Under the Competition and Consumer Protection Act 2014, the CCPC has the power to undertake studies, analysis and surveys with respect to the provision of financial services to consumers, to collect and compile information for that purpose, and to publish the results of any such studies, analysis or surveys.

It also has the power to conduct interviews in search of evidence; in particular, it has statutory powers to require any person who, in the opinion of the Commission, has information or has control of a record or other thing that is relevant to the study, analysis or survey to provide the information, record or thing to the Commission, and to attend before a member or member of the staff of the Commission for that purpose. Persons who fail to comply with investigations or who intentionally prevent the Commission from fulfilling its obligations are liable to prosecution.

Penalties for anti-competitive behaviour

Entities that breach competition law in Ireland may be liable to criminal or civil sanctions.

For civil sanctions, Section 14A of the Competition Act gives the CCPC the power to apply to the Circuit Court or the High Court to seek a declaration (ie, a court ruling that a particular arrangement or behaviour is unlawful) or an injunction (ie, a court ruling requiring a particular arrangement or behaviour to be terminated) in any case involving an alleged breach of Section 4 or 5 of the Competition Act or of Article 101 or 102 of the Treaty on the Functioning of the European Union (TFEU). Irish law does not currently allow the courts to impose any form of civil financial penalty on persons found to have breached competition law, nor does the CCPC itself have the power to impose administrative fines on persons it believes to have breached competition law.

For criminal sanctions, Sections 6 and 7 of the Competition Act make it an offence to breach Section 4 or 5 of the Competition Act or Article 101 or 102 of the TFEU. The CCPC investigates alleged breaches of the Competition Act and can either itself bring a summary prosecution in the District Court or, in more serious cases, refer a case to the Director of Public Prosecutions (DPP) for prosecution on indictment.
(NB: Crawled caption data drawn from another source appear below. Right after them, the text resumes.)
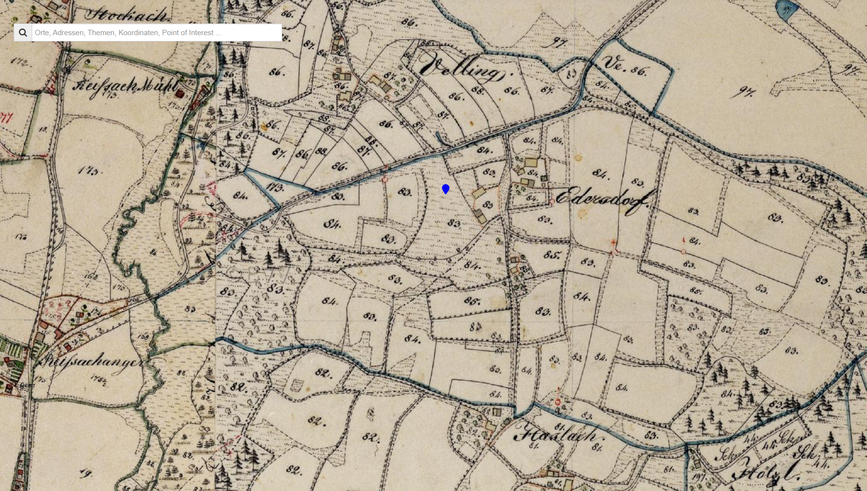 Karte: Geografische Lage des Erdstalls (Basis Geoportal Bayern, historische Karte)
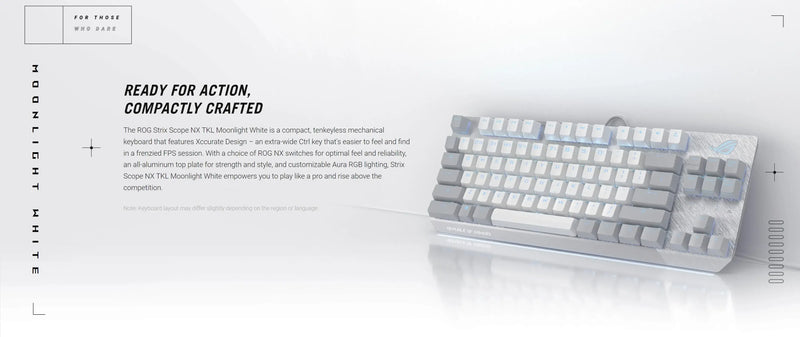 ASUS ROG Strix Scope NX TKL Jogador Luar Branco Wired RGB Teclado Mecânico para Jogos | Moldura de Alumínio | Aura Sync Lighting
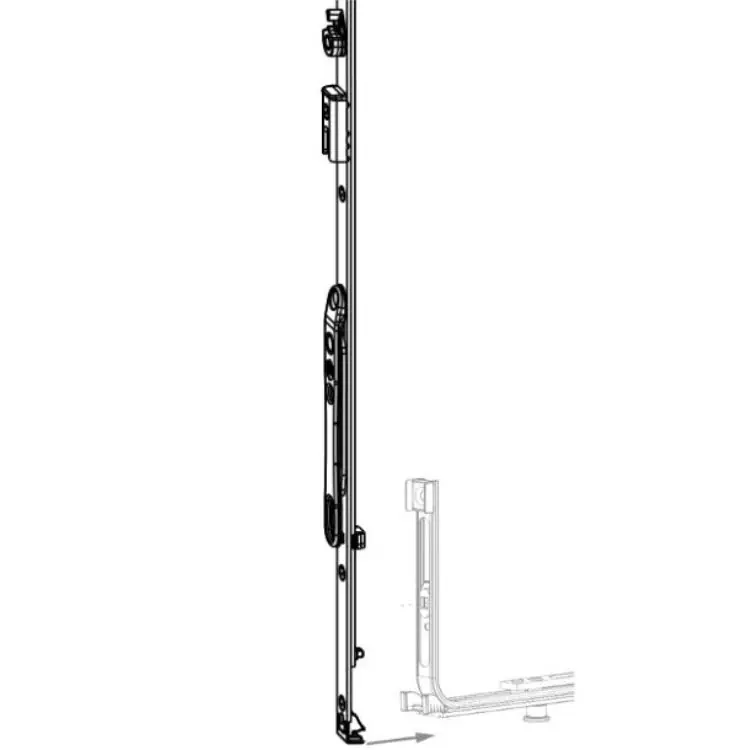Asta a leva fix 1590 Multi-Matic Maico per cava ferramenta, HBB 1341-1590 mm, altezza maniglia spostata 500 mm, 2 fungo, finitura Argento Laatste Versie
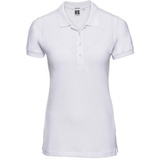 RUSSELL Ladies` Stretch Polo, White, L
Section 8 of the Competition Act sets out the penalties for those found guilty of offences under Section 6 or Section 7.

The most serious types of anti-competitive conduct are often referred to as “hardcore” breaches of competition law. The following are examples of hardcore breaches of competition law and are subject to the most severe criminal sanctions:

  • fixing or agreeing prices with competitors for goods and services, including the level of price increases or discounts;
  • sharing markets among competitors by dividing up territories or sharing customers;
  • agreeing with competitors to limit production/supply by controlling the quantity of goods or services to be supplied in a given market; and
  • rigging bids among competitors so that one particular person or company wins the contract.

For such hardcore breaches of competition law, the criminal fines and prison sentences are as follows:

  • a business can be fined up to EUR5 million or 10% of its annual business turnover, whichever is greater, if convicted on indictment; and
  • an individual found guilty of an offence on indictment can be fined up to EUR5 million or 10% of their annual individual turnover, whichever is greater – an individual can also be imprisoned for up to ten years.

Laws and Policies

The Irish government’s Climate Action Plan published in November 2021 sets out Ireland’s plan to reduce greenhouse gases by 51% by 2050. The goals of this plan are regulated by the Climate Action and Low Carbon Development (Amendment) Act 2021.
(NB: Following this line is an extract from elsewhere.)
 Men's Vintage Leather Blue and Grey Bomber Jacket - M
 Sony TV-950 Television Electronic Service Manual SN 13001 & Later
Laws relating to generators

Climate change policies relating to the energy industry are set out in the Climate Action Plan 2023.

Emission limits

The legislation sets out emission reduction targets. The Climate Action and Low Carbon Development (Amendment) Act 2021 requires the government to adopt carbon budgets which are consistent with the Paris Agreement and other international obligations. All forms of greenhouse gas emissions are to be included in the carbon budgets, and carbon removals will be taken into account in setting budgets. However, it is up to the government to decide on the trajectories for different sectors. The actions and requirements relating to carbon emissions for relevant sectors are outlined in the Climate Action Plan, which is updated annually. According to the plan for 2023 (released in December 2022), transformational policies, measures and actions, and societal change are now required to meet the electricity sector’s carbon budget programme and sectoral emissions ceilings. The plan proposes that in order to meet the stipulated targets, it is necessary to accelerate and increase the deployment of renewable energy to replace fossil fuels, deliver a flexible system to support renewables and demand, and manage electricity demand.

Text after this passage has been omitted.